▶ [Listed records]:
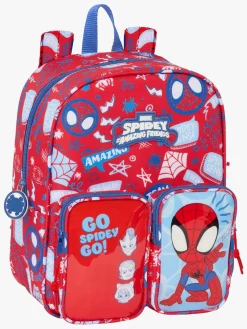 Tasker|SpideyandFriends Spidey and His Amazing Friends Mini Rygsæk 6L, Rød/Lyseblå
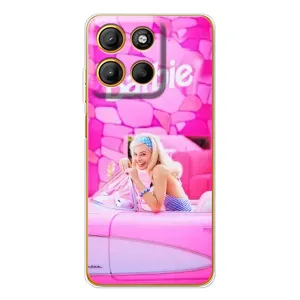 Силиконовый Чехол Барби Фильм на Motorola Edge 60 Fusion (Зставка)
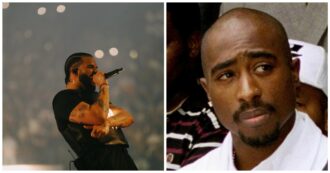 Copertina di “Abuso della voce e della personalità”. Drake rimuove il dissing di Tupac Shakur (creato con l’Intelligenza Artificiale) contro Kendrick Lamar
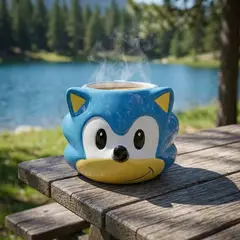 GENERICO - Taza Tazon 3d Sonic The Hedgehog
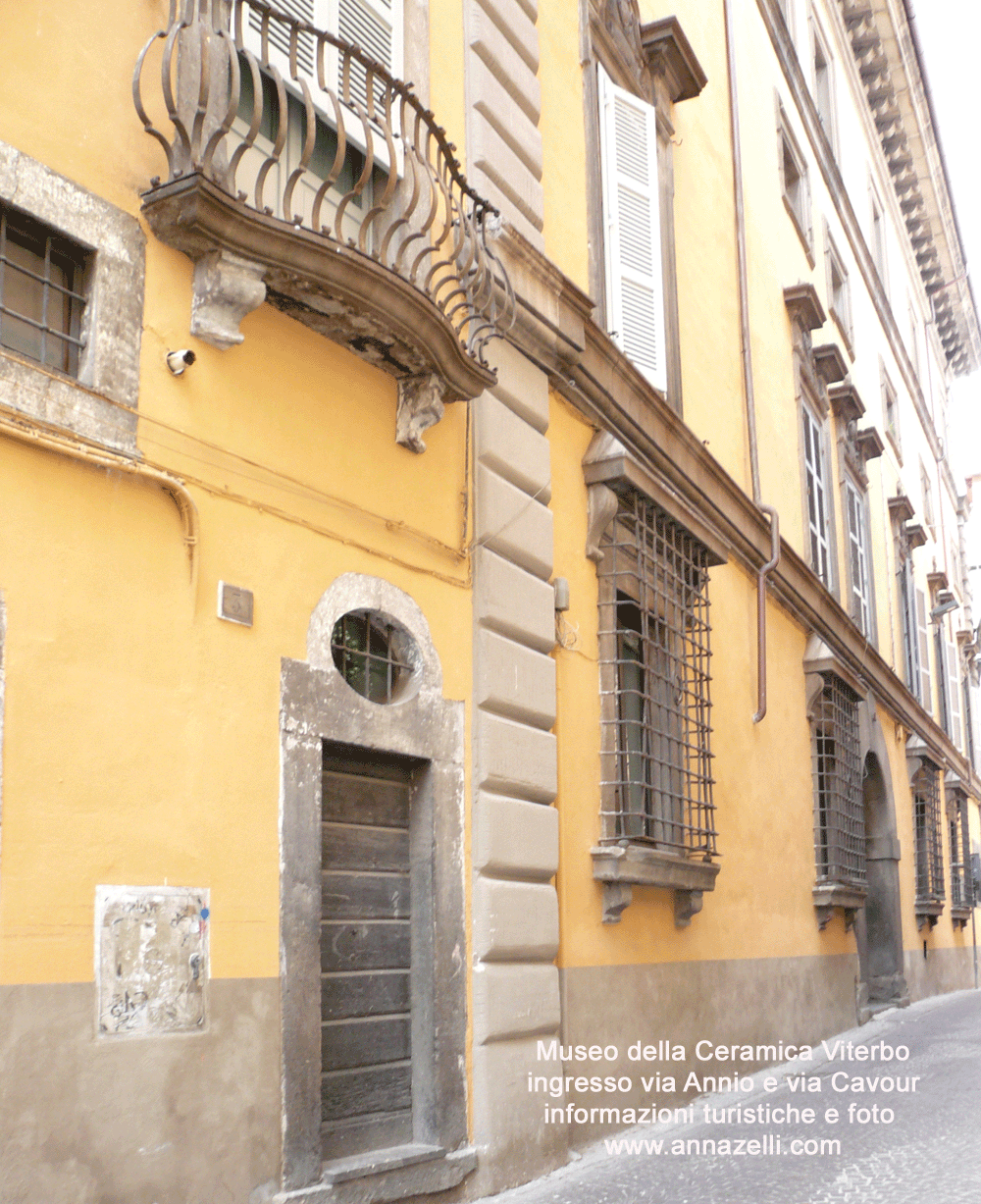 museo della ceramica palazzo brugiotti via annio e via cavour viterbo foto anna zelli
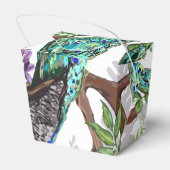 Peacock Wedding Bedankdoosjes (Achterkant)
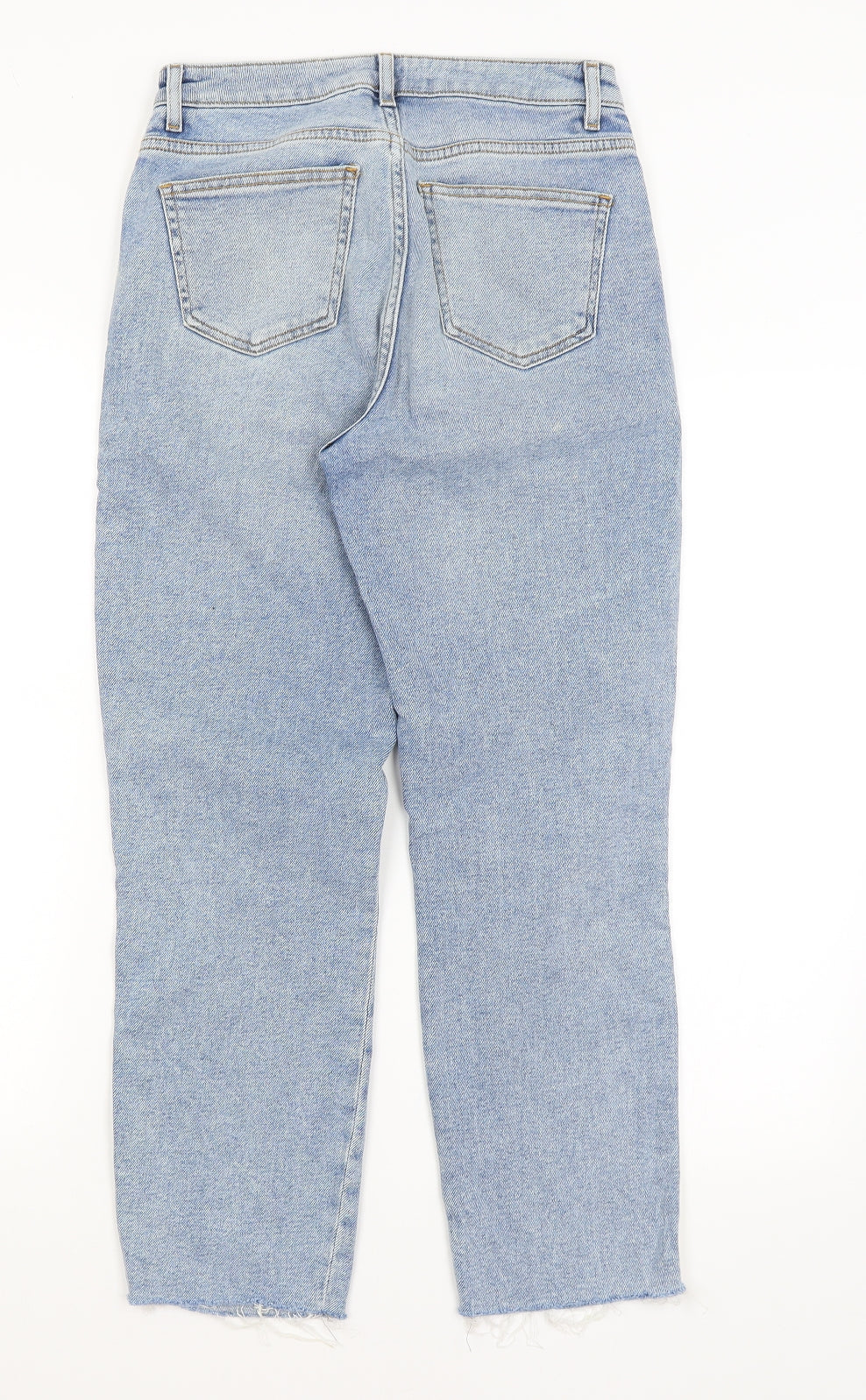 Denim Co Womens Blue   Straight Jeans Size 8 L25.5 in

▶ [Exercise directions]: Copy all of the data above exactly. Leave out every picture.

▶ [Written answer]:
 Tasker|SpideyandFriends Spidey and His Amazing Friends Mini Rygsæk 6L, Rød/Lyseblå
 Силиконовый Чехол Барби Фильм на Motorola Edge 60 Fusion (Зставка)
 Copertina di “Abuso della voce e della personalità”. Drake rimuove il dissing di Tupac Shakur (creato con l’Intelligenza Artificiale) contro Kendrick Lamar
 GENERICO - Taza Tazon 3d Sonic The Hedgehog
 museo della ceramica palazzo brugiotti via annio e via cavour viterbo foto anna zelli
 Peacock Wedding Bedankdoosjes (Achterkant)
 Denim Co Womens Blue   Straight Jeans Size 8 L25.5 in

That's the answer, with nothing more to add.